Ces dernières réflexions nous ramènent au débat "qu'est-ce qu'une défaite ?" et "qu'est-ce qu'une victoire ?".
Au sens classique, dans le modèle occidental de la guerre en tout cas, est victorieux celui qui reste maître du champ de bataille, même si ses pertes sont infiniment plus lourdes que celles de l'adversaire obligé de se retirer. C'est en ce sens que Malplaquet est une victoire coalisée, et Eylau une victoire française. C'est aussi en ce sens que Bir Hakeim comme Rethel sont des défaites : dans les deux cas, le terrain a été abandonné à brève échéance.
De manière plus moderne, en intégrant le niveau opératif et donc des concepts comme celui de la défense élastique, perdre le contrôle du champ de bataille peut ne pas être corrélé avec la défaite puisque l'ennemi peut perdre dans l'affaire bien plus qu'il ne gagne : il peut tomber dans un piège, et avancer dans une nasse, ce qui fait du contrôle du champ de bataille un leurre, un appât ; il peut subir de telles pertes ou subir un tel déséquilibre de son dispositif qu'une contre-offensive le met à la merci de son adversaire dans le cadre d'une "attaque en retour" ; il peut perdre un temps précieux en s'obligeant à repousser l'adversaire coûte que coûte que celui l'empêche d'atteindre ses objectifs.
Mais, dans le cas de Rethel, cela n'a en rien menacé la manoeuvre allemande globale, n'a pas empêché les Allemands de franchir l'Aisne en amont et en aval, bref n'a eu aucune autre incidence que morale (et encore, a posteriori). On peut difficilement parler de victoire, même si la défense fut héroïque et mérite d'être honorée à ce titre.
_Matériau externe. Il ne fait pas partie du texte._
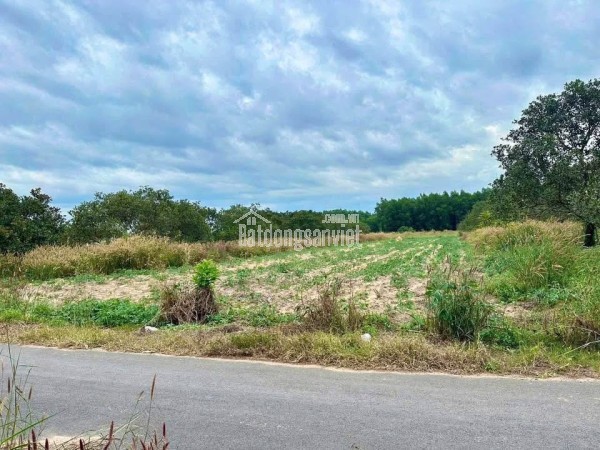 🏡 Bán 200m² thổ cư 100% giá 230 triệu, gần KCN, đường nhựa 7m ⚡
Je ne parlerais pas de défaite non plus, en tout cas pas à Rethel, mais l'opération "Rot" étant une victoire stratégique décisive des Allemands, j'évoquerais plutôt un baroud d'honneur.
Dans le cas de Bir Hakeim, à part le succès psychologique et symbolique (et c'est déjà beaucoup !), je ne vois pas où serait la victoire française... La résistance française a certes retardé la progression de la Panzerarmee "Afrika", mais pas de manière à influer sur le sort de la bataille de Gazala ; la 1re BFL en sort hors de combat, alors que les pertes infligées n'altèrent pas significativement la capacité de combat des Germano-Italiens qui lui étaient opposés ; il n'y a rien dans la suite de la bataille qui ait permis aux Alliés de s'appuyer dessus pour inverser la tendance. Il serait un peu osé d'affirmer que Bir Hakeim est un succès germano-italien, mais c'est le cas si l'on prend le sens classique, et c'est au moins autant un succès germano-italien qu'un succès français : le "box" a été réduit, la 1re BFL affaiblie et désorganisée durablement, la manoeuvre globale est restée largement cohérente et son tempo linéaire.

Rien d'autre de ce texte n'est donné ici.